New York City will distribute millions of masks and at-home COVID-19 tests as its case count continues to rise, but officials will not reimpose any mandates yet, Mayor Eric Adams said Monday. 

The five boroughs could move from a “medium” COVID-19 alert level to a “high” one “in the coming days,” Adams said in a press release. 

Schools, libraries and other city sites will hand out 16.5 million additional COVID-19 testing kits and 1 million “high-quality” masks this month in an effort to “blunt the worst impacts of the current wave,” the release said. 


What You Need To Know

  • New York City will distribute millions of masks and at-home COVID-19 tests as its case count continues to rise, Mayor Eric Adams said Monday

  • The city is not, however, "at the point of mandating masks," or reimposing other restrictions, Adams said

  • As of Monday, the five boroughs were seeing an increase in reported COVID-19 cases — with a seven-day average positivity rate of 9.11% — but virus-related hospitalizations and deaths were on the decline, data shows

The city will not, however, return to early-pandemic restrictions, Adams said at a news briefing Monday afternoon. Rather, officials will continue to urge New Yorkers to wear masks in public indoor settings and get vaccinated and boosted, he said. 

“When we get off our morning calls, we make a decision on how we’re going to move forward. We’re not at the point of mandating masks,” he said. “We’re not at that point yet.”

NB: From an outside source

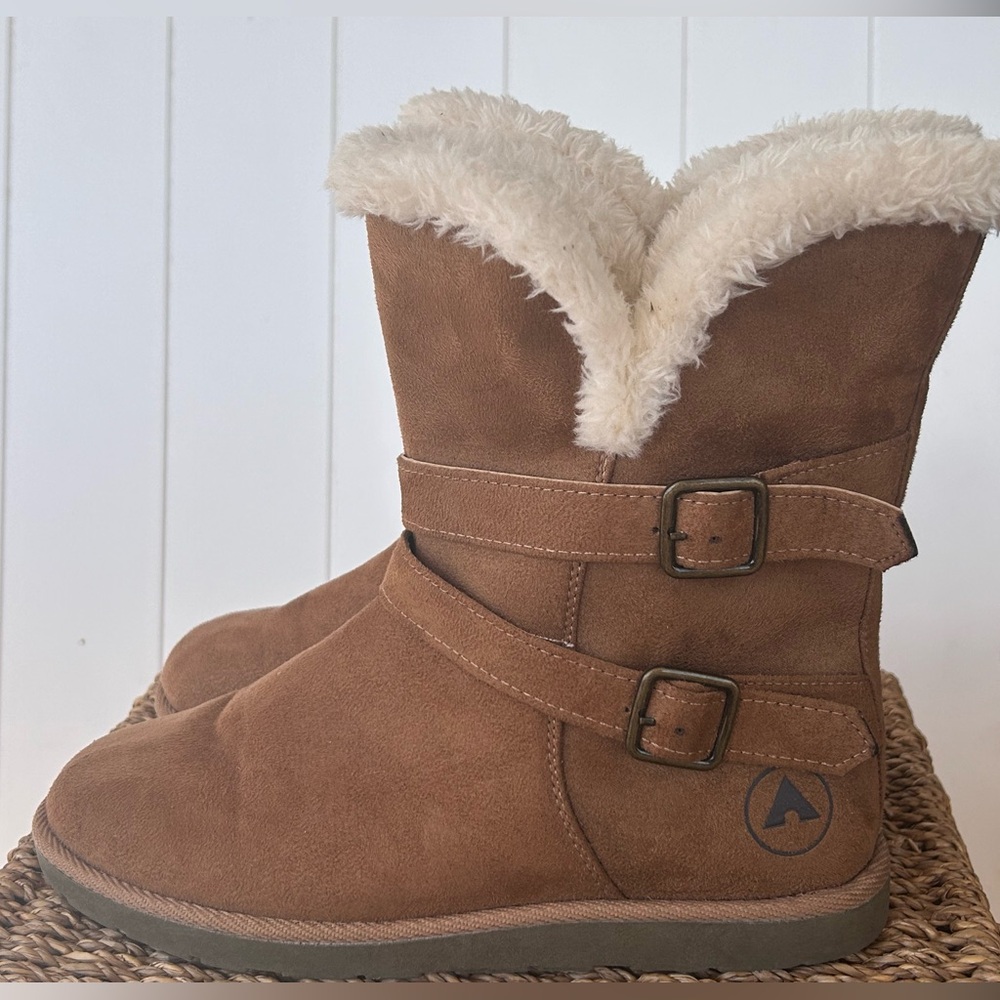 Airwalk Women’s Faux Suede Nia Cozy‎ Boots Cognac Faux Fur Lined Size 8.5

“I said this over and over with COVID: COVID pivots and shifts. If we’re rigid, we won’t defeat it,” he added. “And so we’re saying to New Yorkers, we are urging people indoors, wear masks indoors. If you are in settings on the subway system like it’s already in place, just make the smart decisions.”

As of Monday, the five boroughs were seeing an increase in reported COVID-19 cases — with a seven-day average positivity rate of 9.11% — but virus-related hospitalizations and deaths were on the decline, data shows

Adams said city officials would continue to monitor the situation closely. 

“If there comes a time that our hospitals are now in a state of emergency, or we’re trending that way, and my doctors that run the hospitals tell me, ‘Eric, this is what we need to do,' I’m going to listen to them,” he said. “Right now, they’re telling me, ‘No, we don’t need to do that. We have this under control. We don’t have this crisis in our hospitals that we had previously.’”

“So I’m listening to the team as I win this battle of COVID for all of us,” he added.